Unjust, unfair and dishonestly laid off

My employer laid off 1 senior flight attendant using discipline. They laid off 4 pilots and myself, a dispatcher, and said that since we all scored the same on evaluations, they had to use seniority for the pilots and dispatchers. I was the least senior, had a excellent work record, performance and skill evaluations and no disciplinary problems at all. One fo my other co-workers has had disciplianry problems in the past, but were never documented, as I told they would be, or the documentation disappeared, for several reasons I can think of. Everybody denies there were disciplinary problems, but I have current and former employees who will testify differently. The pilots never had any disciplinary issues, so therefore, seniority was the right thing to do. I think it is unfair, unjust and dishonest that they used disciplinary issues against the flight attendant, which she will testify is true, and not my co-worker. Do I have any kind of legal recourse here?

1 answer  |  asked Nov 1, 2003 4:47 PM [EST]  |  applies to New York

Answers (1)

David M. Lira
Reason for Lay-Off

When you are dealing with a situation where an employer is laying-off people for economic reasons, courts are very hesitant about second guessing the basis on which the employer selects employees for termination. If an employer uses a criteria like seniority for termination, the courts become even more hesitant about second guessing the employer, because a criteria like seniority is viewed as being objective. (It is also usually easy to determine and verify.)

Courts will definitely not be receptive to an argument that basically goes "I'm a better employee than they are." Determining "better" is very difficult to do, and courts know they are not very good at doing something like that.

Besides, there is the employment at will doctrine, which would allow the employer to fire an employee even if everybody agrees an employee is the best. The law permits employers to make bad decisions. Employees don't get any protection simply because an employer makes a bad decision.

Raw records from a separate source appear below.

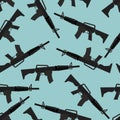 Automatic rifle M16 seamless pattern. Arms on blue background.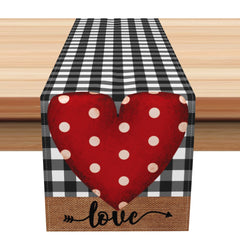 Aperturee - Aperturee Retro Red Heart Plaid Valentines Day Table Runner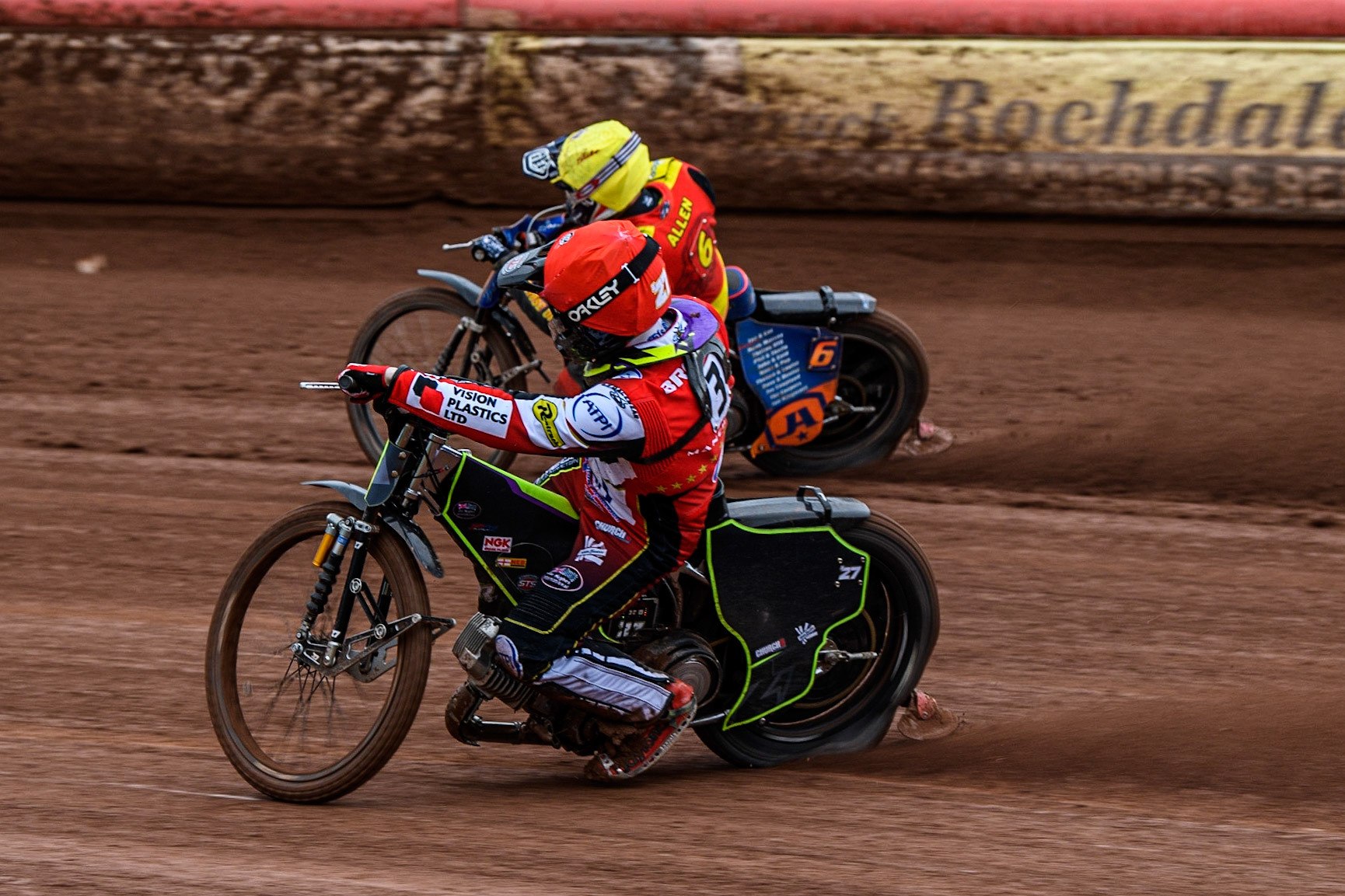 Tom Brennan  (Red) inside Jake Allen  (Yellow) during the SGB Premiership match between Belle Vue Aces and Leicester Lions at the National Speedway Stadium, Manchester on Monday 1st May 2023. (Photo: Ian Charles | MI News)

To have any chance of succeeding on a case involving a lay-off, you will need to show that the selection criteria was infected by some motivation made illegal by law. That is, the employer says one thing, but the evidence actually shows the employer wanted to do something else.

One example might involve race discrimination. That is, the employer says employees were terminated based on seniority, but, if you gather the evidence and look at it, the employer's real reason was that someone wanted to get rid of as many employees belonging to a particular race as possible.

That is one example. Many others can be raised. But you see what we are talking about. Maybe you have something if you believe the employer is lying, and has an ulterior motive in selecting certain employees for termination.